_DATA PROVIDED_.
★ ★ ★

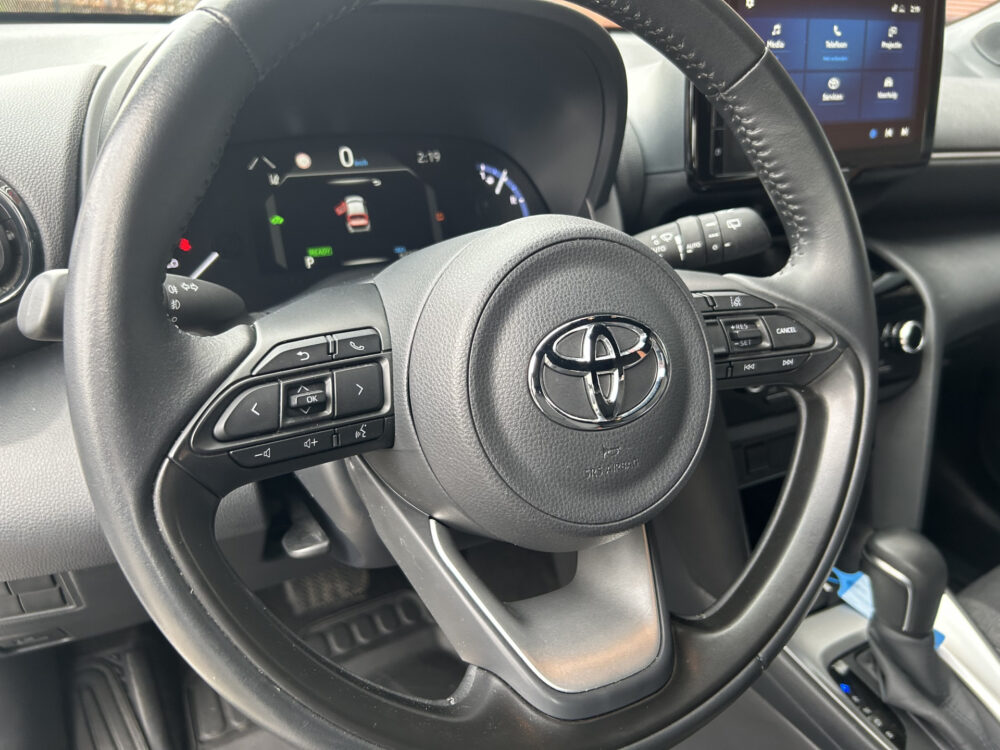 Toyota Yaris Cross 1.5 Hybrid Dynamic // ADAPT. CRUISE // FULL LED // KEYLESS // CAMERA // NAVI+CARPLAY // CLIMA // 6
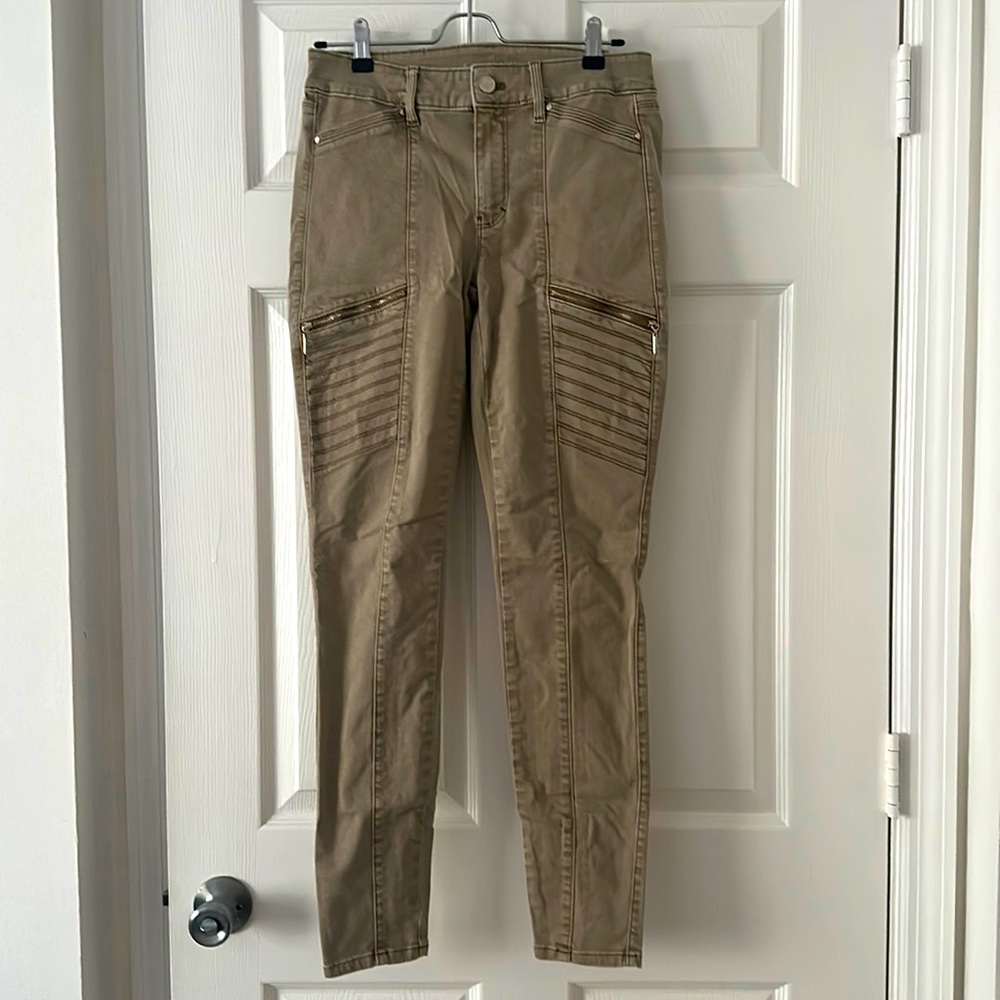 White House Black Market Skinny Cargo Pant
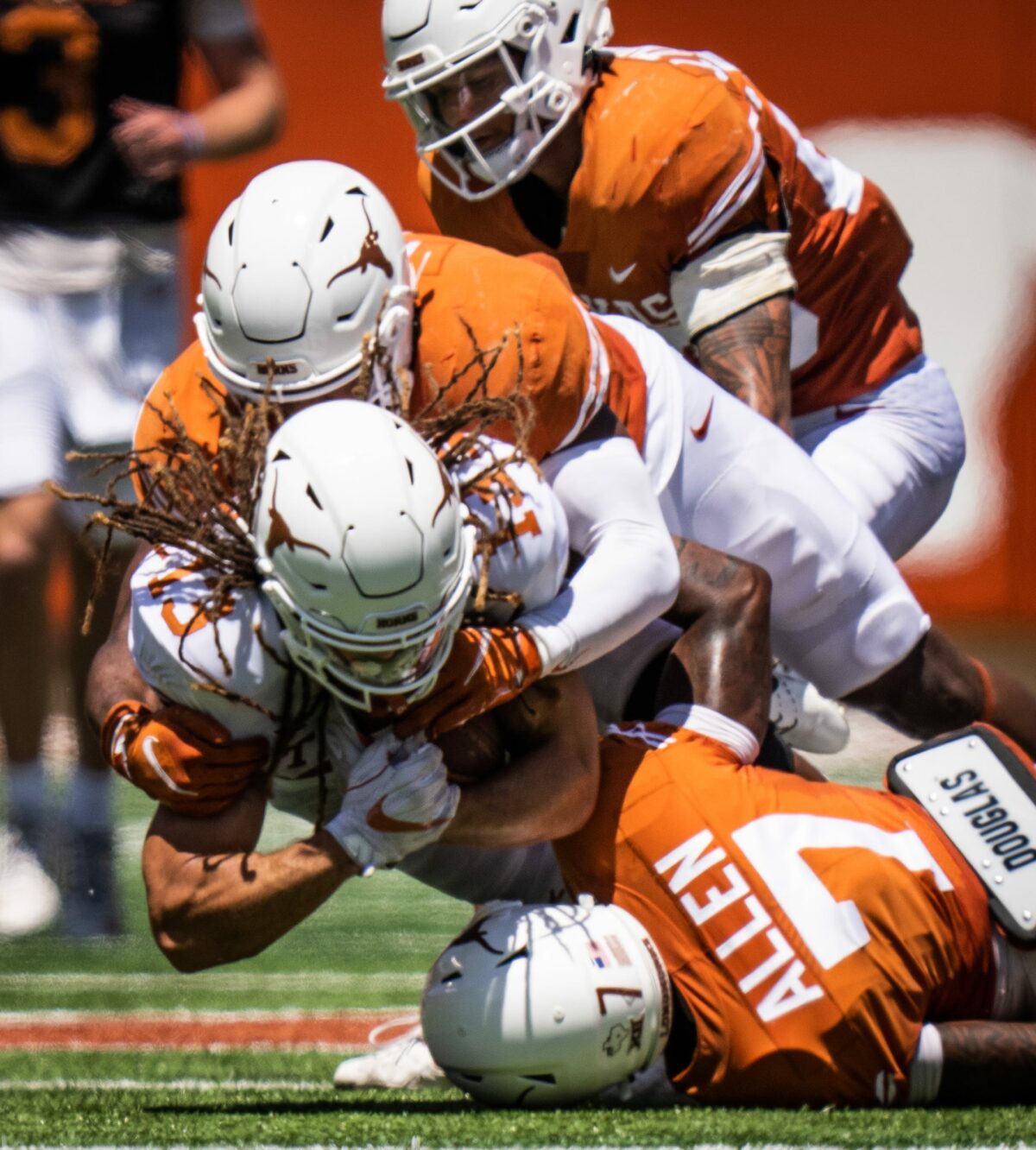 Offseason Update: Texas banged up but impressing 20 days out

★ ★ ★

_WHAT THE TASK ASKS_.
With the pictures omitted, print each line of the data above precisely as given.

_SOLUTION TO THE PROBLEM_.
 Toyota Yaris Cross 1.5 Hybrid Dynamic // ADAPT. CRUISE // FULL LED // KEYLESS // CAMERA // NAVI+CARPLAY // CLIMA // 6
 White House Black Market Skinny Cargo Pant
 Offseason Update: Texas banged up but impressing 20 days out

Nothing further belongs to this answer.